By the middle of the second season, people got to see a diehard friendship between Calvin and Dave [Greenfield's character].
Q: Are you carrying the torch for Norman Lear classics like All in the Family?
A: This show was built to remind you of those shows, programs that talk about culture and race and differences, which I felt were missing. Those shows were extremely influential to me as a kid.
Good Times — even though it was about a projects family, and my family was more middle- class — felt real. The Jeffersons, too.
They were willing to tackle, with hard language and attitude, a lot of the tropes and misconceptions about other cultures and races. I feel like our show's in a natural place to do that, too, without trying too hard.
Q: What is missing from Hollywood's push for diversity and inclusion?

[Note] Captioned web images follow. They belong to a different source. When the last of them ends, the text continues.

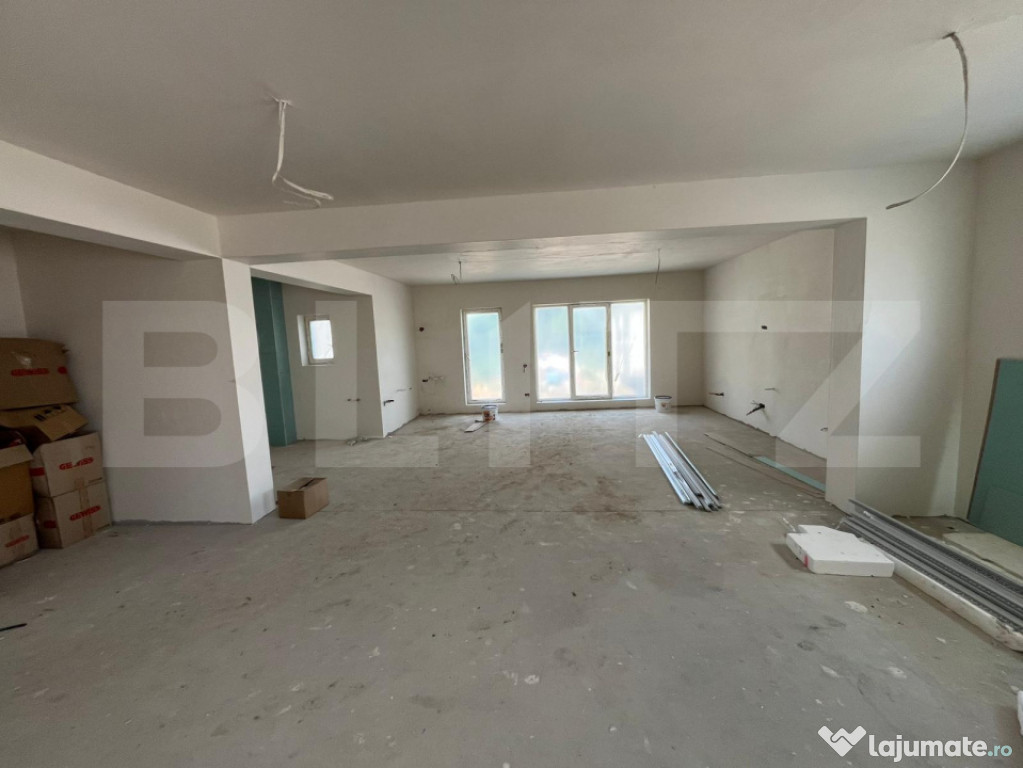 Spațiu de închiriat – 80 mp utili | Parter bloc nou | Am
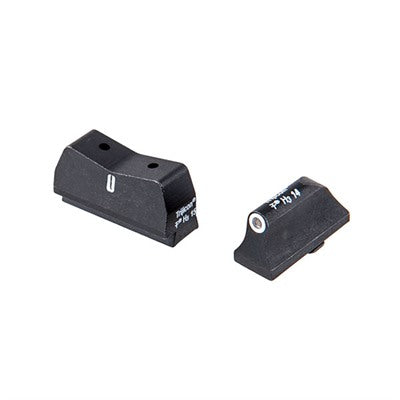 DXT STANDARD DOT SUPPRESSOR HEIGHT SIGHTS FOR GLOCK~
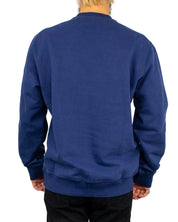 Timberland - Sweatshirt - 1973 Embroidered Logo BB Crew - Blå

A: African-American males in the executive offices. We've been going around pitching in a lot of places, and it's rare to see a top-level male executive [of color].
Q: Comedy isn't all giggles. Have you ever battled depression?
A: The thing about this business is that there are a lot of ups and downs. I try to tell young comedians that there will be moments when you start to measure yourself by those who are gaining success — when somebody catches a wave and they're gone — and you're like, "When is it going to be my turn?"
And those things can really start to weigh on you, especially if you're married, you got kids. It is important in those moments to lift yourself up.
Q: How do you do that?
A: We tell most comedians, "If you fail, go right back on stage. Don't sit and be soaking in it." So, to deal with depression, I've tried to take that energy and just tear it up on the stage.
Q: Do you ever ponder giving up show biz?
A: At moments, the pressure of the grind can get to me. But I couldn't sit around and do nothing. I feel like I want to go hard, like George Burns. Let them take me out while I'm doing stand-up — or on a set, when I'm having a good time.